I have promised a friend to lend him some money for an “immediate need.”

He had stressed, “Cash, please.”

He’s a friend in need. Part of all this new stuff. We’re all together in this. I don’t ask. I just go the bank.

Now D points to the door where I just came in, and into the corner. “%$@^machine,” she advises in a kind of loud whisper. You know. A small, older woman is at that machine, which is turning out money in orange bills. Fifties. She should be careful, when she leaves, I think.

“A-Tee-Em,” D explains.

“Christ!” I think, reacting to sudden illumination, as would Samson Spinner, one of the stalwarts in my book Spinner’s Inlet (1989) and its 2019 sequel, Return to Spinner’s Inlet.

One of those: An ATM. Which I have never used.

The kindly and understanding manager steps in from a suitably socially acceptable range.

“Card,” she says, and smiles.

I wave my Visa.

“Other one,” she says.

I explain that the only other card I own is a bank debit card that I use only at Costco because they don’t take my kind of Visa.

“That’ll be the one,” she says. “Put it gently into the slot there.”

I do. Then I say—now becoming comfortable with the banking jargon—“But I don’t have a PIN for the ATM.”

She smiles. Lots of those going around, as the favourite tellers watch.

“Try the one you use at Costco,” the manager says.

Sigh. Choose numbers. Press.

Cash!

“Christ!” I declare.

 

Con Job?

Excerpted: Return to Spinner’s Inlet

Rachel held the phone away from her for a moment.

The woman’s voice, a youngish one, had shaken her.

“I’m looking for a Rachel Spinner who was engaged to my great-uncle during the Second World War.”

Rachel’s heart sped.

She looked at a framed photograph on the wall over her fireplace. A young Rachel in a blue uniform—skirt, tunic, and cap—with the two thin stripes of a second officer in the British Air Transport Auxiliary, and a pilot’s wings. One of the hundreds of young women who ferried every type of new and repaired military aircraft between assembly plants, transatlantic delivery points, and active service squadrons and airfields across the UK. Beside Rachel, a slim young man in Royal Air Force blues with flying officer’s rings on his sleeves. Jack Thomas.

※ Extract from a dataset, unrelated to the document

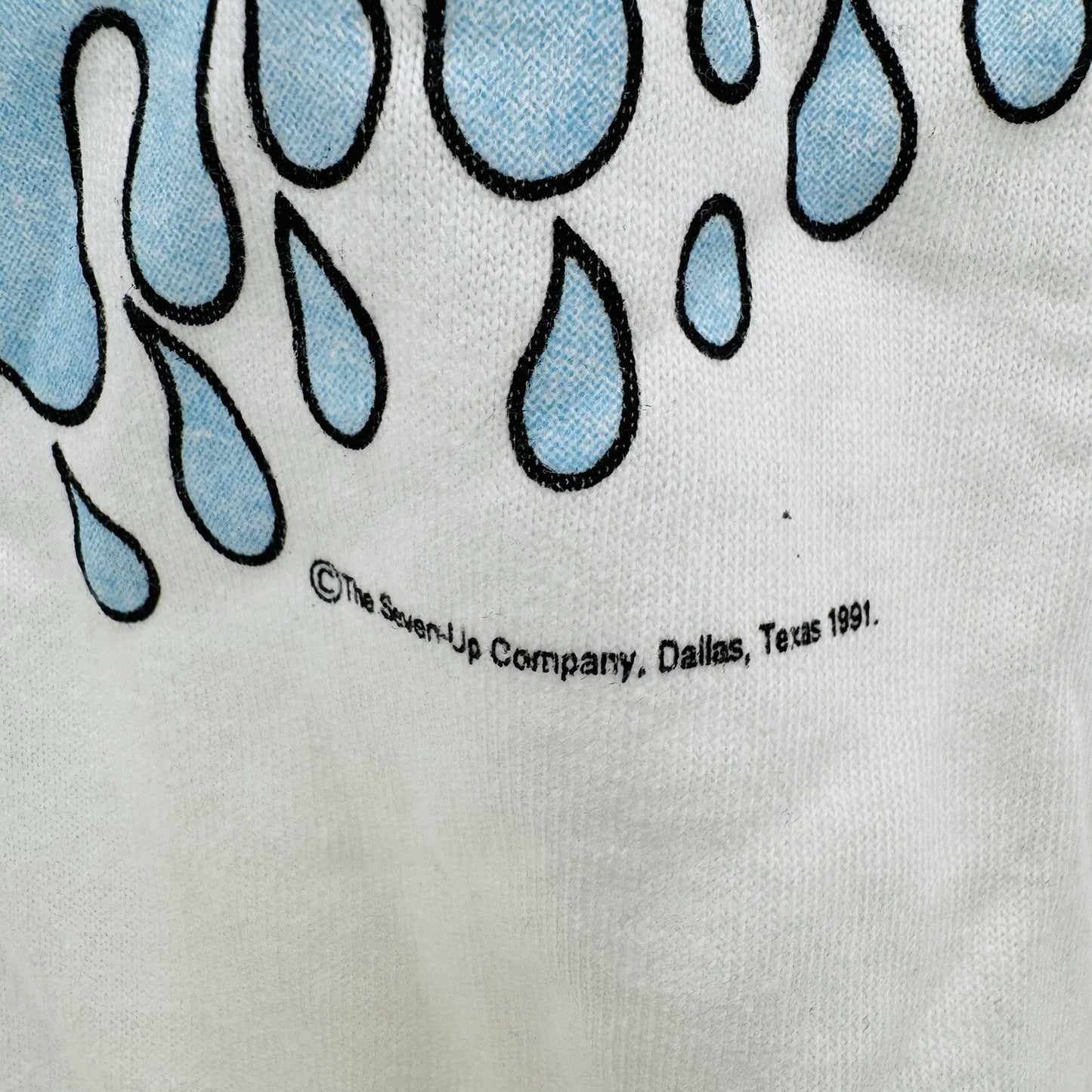 7 UP Single Stitch Surfing Soda T Shirt Size L COOL SPOT White USA Made Vintage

“Hello . . . do I have the right . . . ?

“What was his name?”

“Jack Thomas,” the young voice replied. “My father was his nephew.”

Jack. Rachel’s Jack. A Welsh farm boy who had answered the call as soon as war was declared. In a pub she laughed when Jack brought her a pint of bitter instead of the gin and orange she had requested. “More for your money,” he’d said, with that smile. The smile she fell for—and forever stayed in love with.

“Where was he stationed?” Rachel asked.

“Biggin Hill. Near London.”

Rachel’s eyes welled. Memories. All she had, along with a picture on the wall.

“Where are you?” Rachel asked.

“Vancouver.”

“What’s your name?”

“Sally. Sally Thomas.” There was a wait of a few seconds, then, “I really need some help.”

Rachel had known little of Jack’s family in the brief time they had been given, and in the chaos of war had met none of them. She did know that she would not be the first senior to be called by someone they had never met, claiming to have a family connection and requiring help.

“What kind of help?”

“Well, like, some money . . . ?”

Of course.

The young woman hurried on. “My dad always said that if I ever got into trouble while I was travelling, he was sure I could call you for help. His name is Philip. He was

Jack’s nephew.”

“How did you know where I live?”

“It was in the free paper, the one in the boxes. It said,

‘Reprinted from The Tidal Times.’ It was quite a coincidence, eh?”

Quite.

“So, I wonder if you could see your way . . .?”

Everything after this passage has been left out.